* **YOUR OBJECTIVE**
Write the listing out again word for word. Pictures do not belong in the copy.

━━━ AVAILABLE DATA

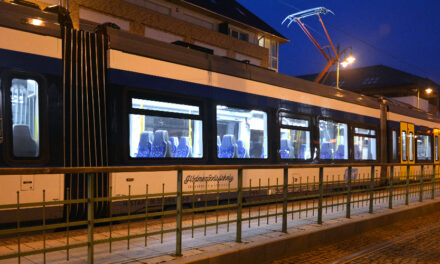 Szeged–Szabadka tram-train – Mikor utazhatunk vele?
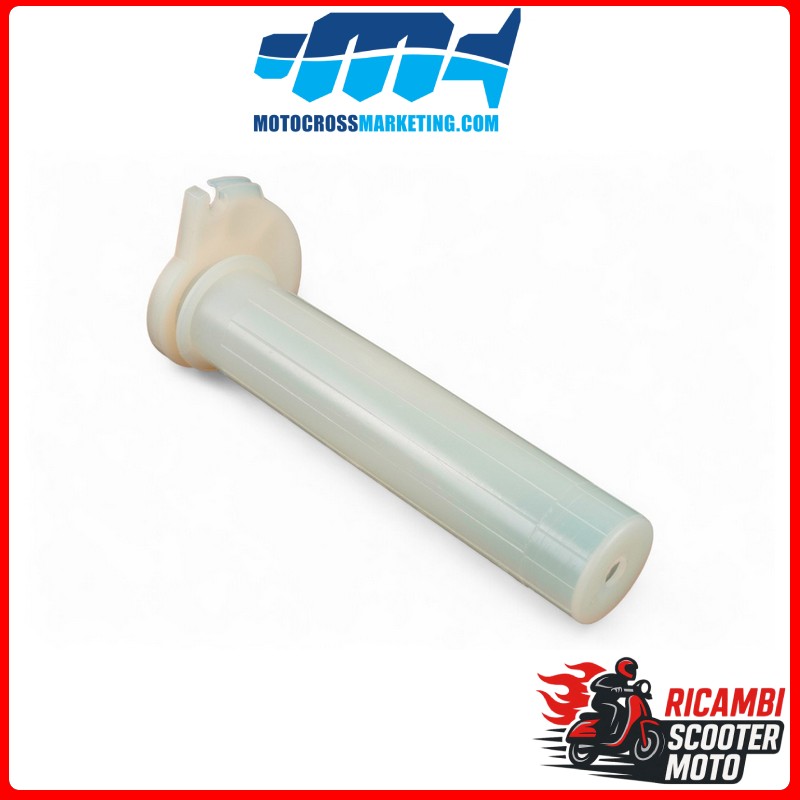 TUBO COMANDO ACCELERATORE YAMAHA YZ 125 1996-2025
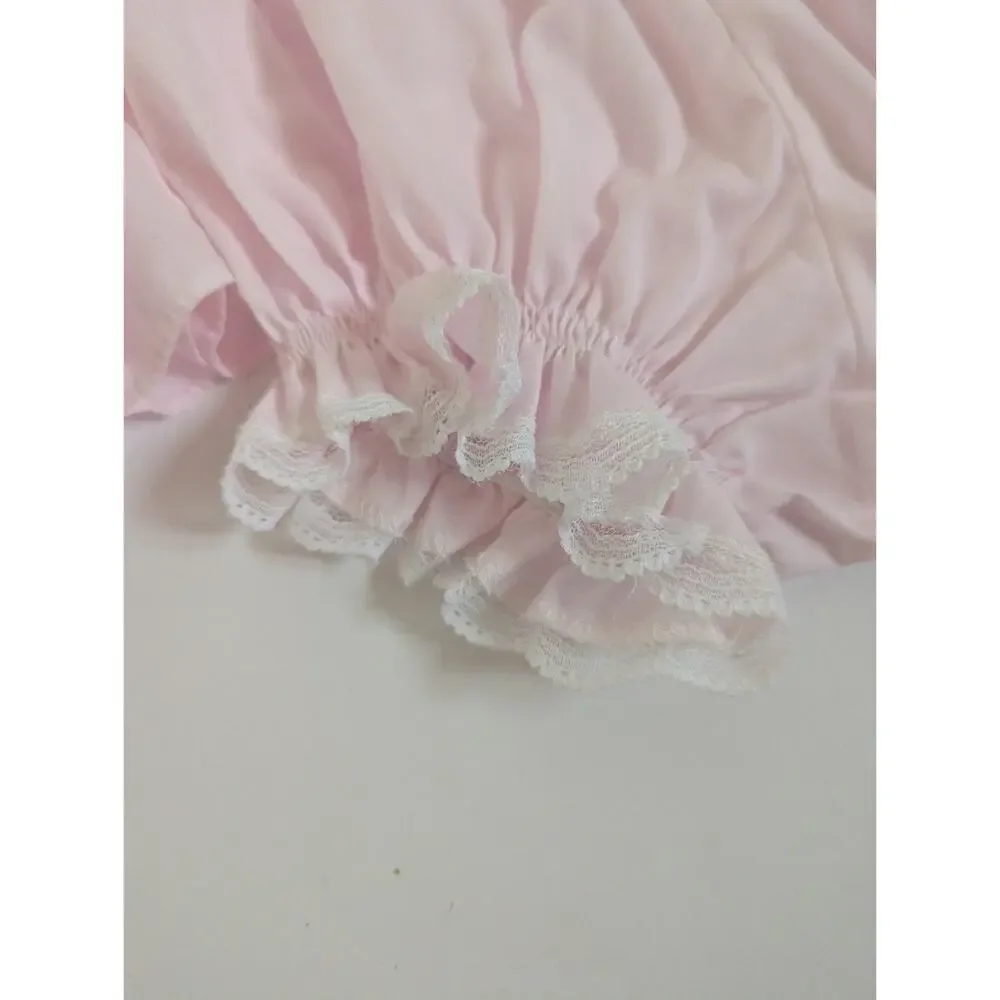 Vintage top dress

━━━━━━

* **RESPONSE FOR THIS EXERCISE**
 Szeged–Szabadka tram-train – Mikor utazhatunk vele?
 TUBO COMANDO ACCELERATORE YAMAHA YZ 125 1996-2025
 Vintage top dress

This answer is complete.